:: Task prompt ::
Once you find the line containing "For Baseus WM01" in the data below, copy it and each following line exactly, up to and including the line containing "Kristillisen kaupungin rauniot, Medinet-Habu", and nothing else.

:: Data for this task ::
<<<<
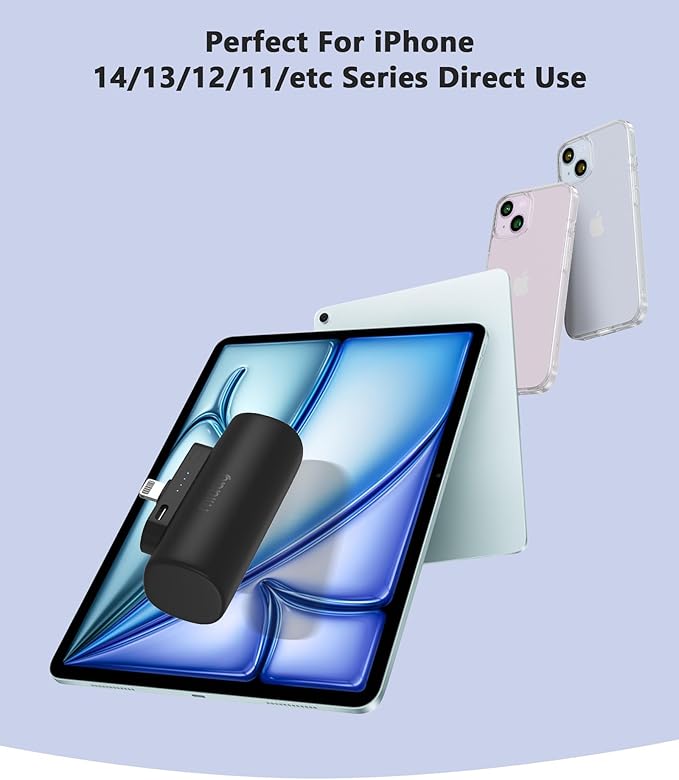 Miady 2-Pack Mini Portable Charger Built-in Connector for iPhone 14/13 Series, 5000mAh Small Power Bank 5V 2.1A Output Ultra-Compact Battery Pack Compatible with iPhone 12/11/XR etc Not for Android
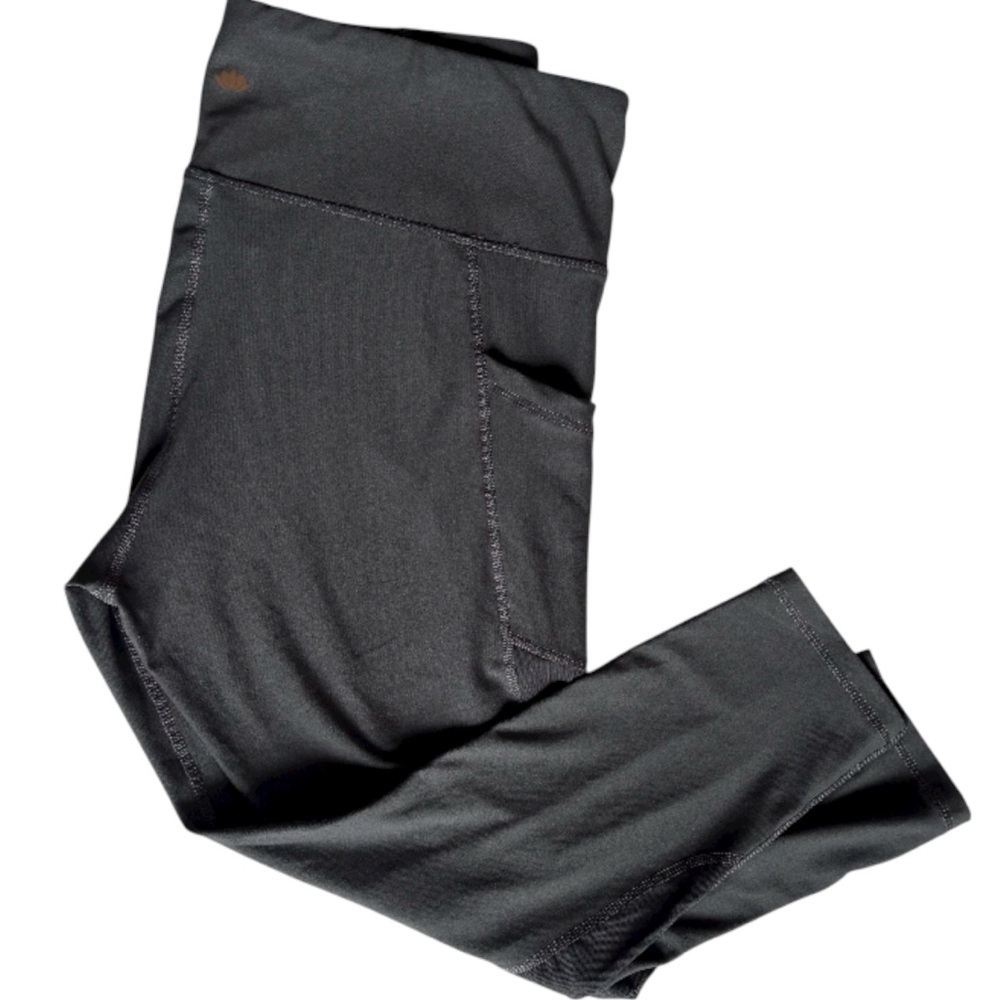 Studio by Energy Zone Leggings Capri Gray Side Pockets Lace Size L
>>>>
<<<<
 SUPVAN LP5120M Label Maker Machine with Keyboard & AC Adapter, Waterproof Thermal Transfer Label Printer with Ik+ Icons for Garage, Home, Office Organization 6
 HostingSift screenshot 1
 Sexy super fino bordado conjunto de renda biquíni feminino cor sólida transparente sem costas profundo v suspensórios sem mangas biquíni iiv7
>>>>
<<<<
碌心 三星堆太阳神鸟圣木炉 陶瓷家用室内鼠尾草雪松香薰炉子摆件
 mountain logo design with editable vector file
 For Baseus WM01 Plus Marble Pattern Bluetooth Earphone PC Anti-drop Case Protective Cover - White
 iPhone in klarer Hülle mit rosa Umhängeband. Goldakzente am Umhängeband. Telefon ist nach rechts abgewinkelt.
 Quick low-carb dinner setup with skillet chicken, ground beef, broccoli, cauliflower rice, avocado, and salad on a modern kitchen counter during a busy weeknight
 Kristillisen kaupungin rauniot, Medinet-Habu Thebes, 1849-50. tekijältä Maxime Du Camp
>>>>
:: Written response ::
 For Baseus WM01 Plus Marble Pattern Bluetooth Earphone PC Anti-drop Case Protective Cover - White
 iPhone in klarer Hülle mit rosa Umhängeband. Goldakzente am Umhängeband. Telefon ist nach rechts abgewinkelt.
 Quick low-carb dinner setup with skillet chicken, ground beef, broccoli, cauliflower rice, avocado, and salad on a modern kitchen counter during a busy weeknight
 Kristillisen kaupungin rauniot, Medinet-Habu Thebes, 1849-50. tekijältä Maxime Du Camp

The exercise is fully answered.